## Activity
Could you give back exactly the lines below from the one with "Fr Ba_La Table" through the one with "Mark Selby steht", without a single picture?

## Material supplied
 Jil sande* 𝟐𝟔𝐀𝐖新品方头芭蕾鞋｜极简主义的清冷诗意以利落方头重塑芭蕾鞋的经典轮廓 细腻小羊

...

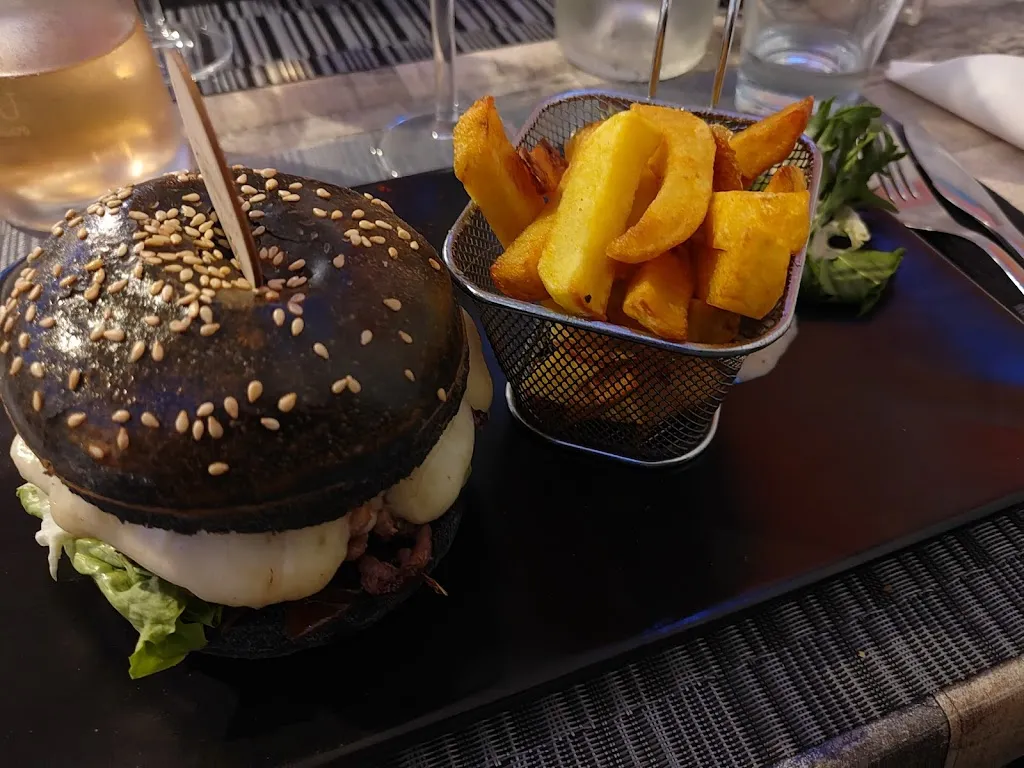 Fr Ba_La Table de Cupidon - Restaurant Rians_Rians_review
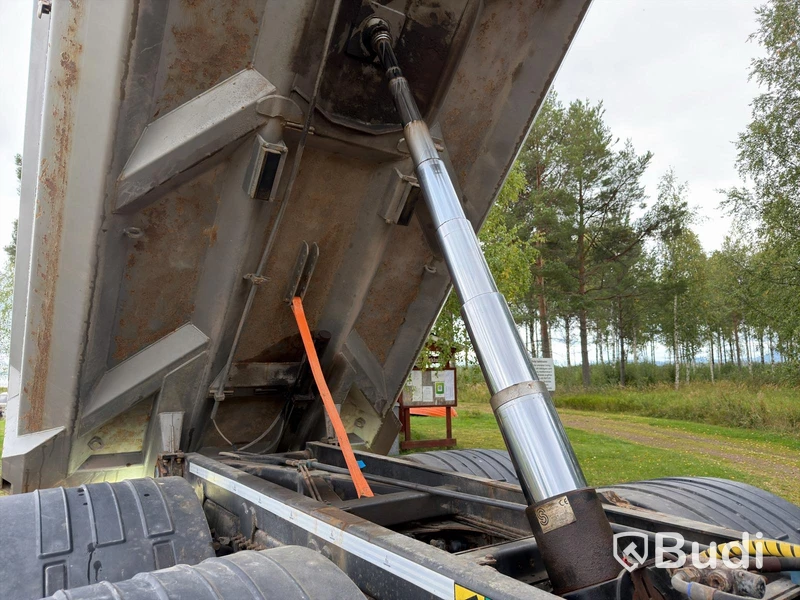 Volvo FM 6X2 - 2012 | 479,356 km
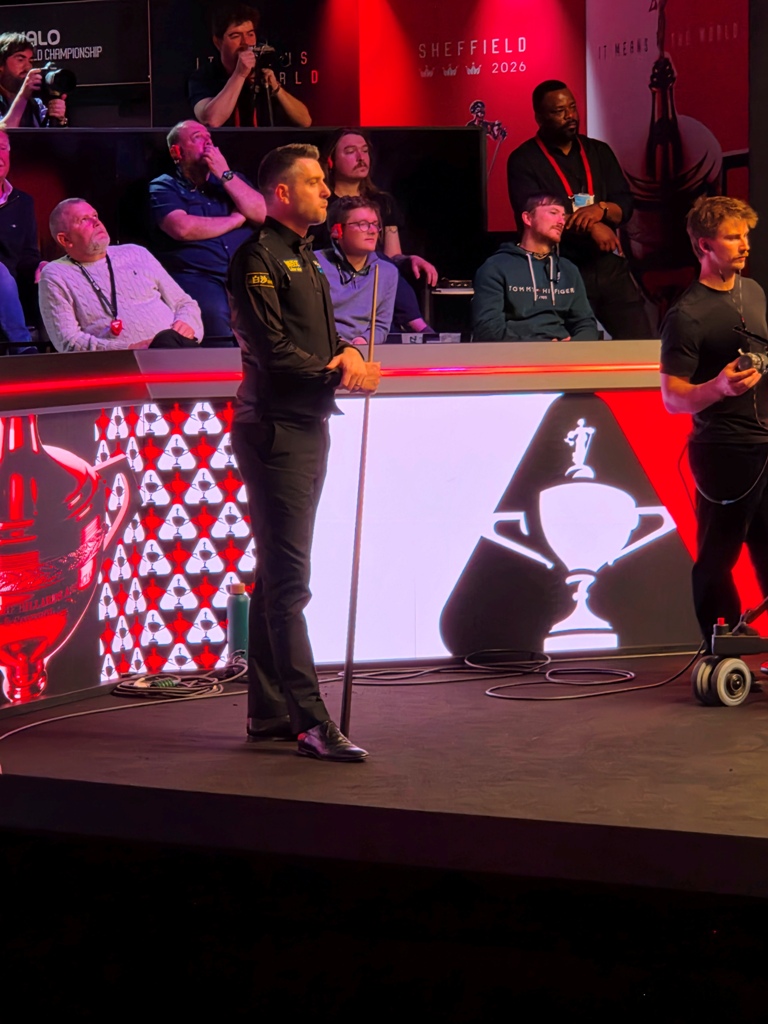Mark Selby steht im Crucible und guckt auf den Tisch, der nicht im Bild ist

## Result of this exercise
 Fr Ba_La Table de Cupidon - Restaurant Rians_Rians_review
 Volvo FM 6X2 - 2012 | 479,356 km
Mark Selby steht im Crucible und guckt auf den Tisch, der nicht im Bild ist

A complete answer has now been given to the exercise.